Gophers fall in overtime, 70-69 to Southern California

Gophers coach Niko Medved slammed his clipboard onto the Williams Arena floor during a timeout huddle early in Friday’s second half against Southern Cal.

Minnesota’s lackadaisical play allowed the Trojans to go on a 6-0 spurt and extend its lead 41-30. After only 54 seconds was played, Medved had seen enough.

The deficit became 13 points, but Minnesota chipped away, forced overtime but fell 70-69 to USC at The Barn.

In the extra session, Jaylen Crocker-Johnson made a 3-pointer with 27 seconds left to give Minnesota a 69-68 lead. On the next possession, USC star Chad Baker-Mazara got a foul call when falling to the court and he made both free throws to retake the lead at 70-69.

The home fans booed that decisive call, and many others, down the final stretch.

“Man, we just needed to make one more play and we just couldn’t find a way to get the job done,” Medved said.

On the last play, Cade Tyson posted up, but had the ball poked away; he recovered it, but a late heave was off the mark.

“Just couldn’t make it happen,” said Tyson, who had 20 points on 5 of 16 shooting.

Minnesota (10-6, 3-2 Big Ten) fell to 9-1 at home this season and snapped a five-game winning streak.

In regulation, Minnesota took the lead at 63-62 with Tyson’s two free throws with 45 seconds remaining. But Gabe Dynes made one free throw to tie it again at 63-63 with 28 seconds left.

Tyson’s game-winning shot attempt in regulation was short with five seconds left, and USC’s Ezra Ausar’s last-second attempt was off the mark.

Minnesota forced 14 turnovers on USC, but had only six points off them.

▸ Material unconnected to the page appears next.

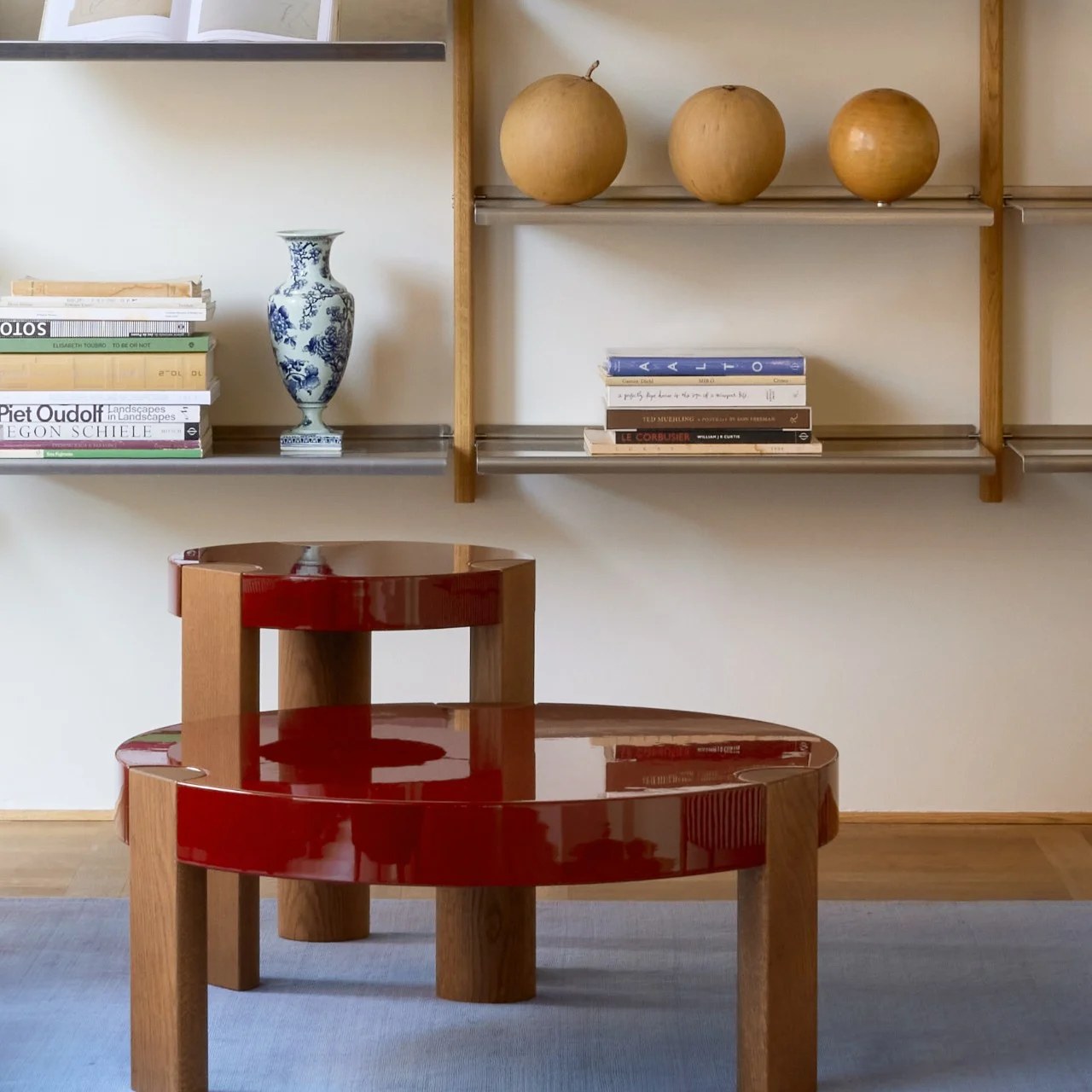 Two FER Coffee Tables in glossy red with oak legs in a living room with a blue vase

“I thought we had an opportunity to hurt them a little bit more in transition than we did,” Medved said. “I don’t think we got enough opportunities that way. … Probably not as good as we needed.”

Baker-Mazara, who was averaging 19.3 points per gam, scored 29 points on Friday, but was held scoreless over the last eight minutes of regulation and four minutes of overtime until those final free throws.

Langston Reynolds and Crocker-Johnson each picked up two early fouls and sat for the the final eight minutes of the first half. Minnesota was up 22-21 when both went to the bench and USC outscored Minnesota 14-8 to take a 35-30 lead at the break.

USC’s 7-foot-5 center Gabe Dynes had eight first half points on 4-of-4 shooting and even with Crocker-Johnson in foul trouble, Medved didn’t turn to backup center Nemo Turner.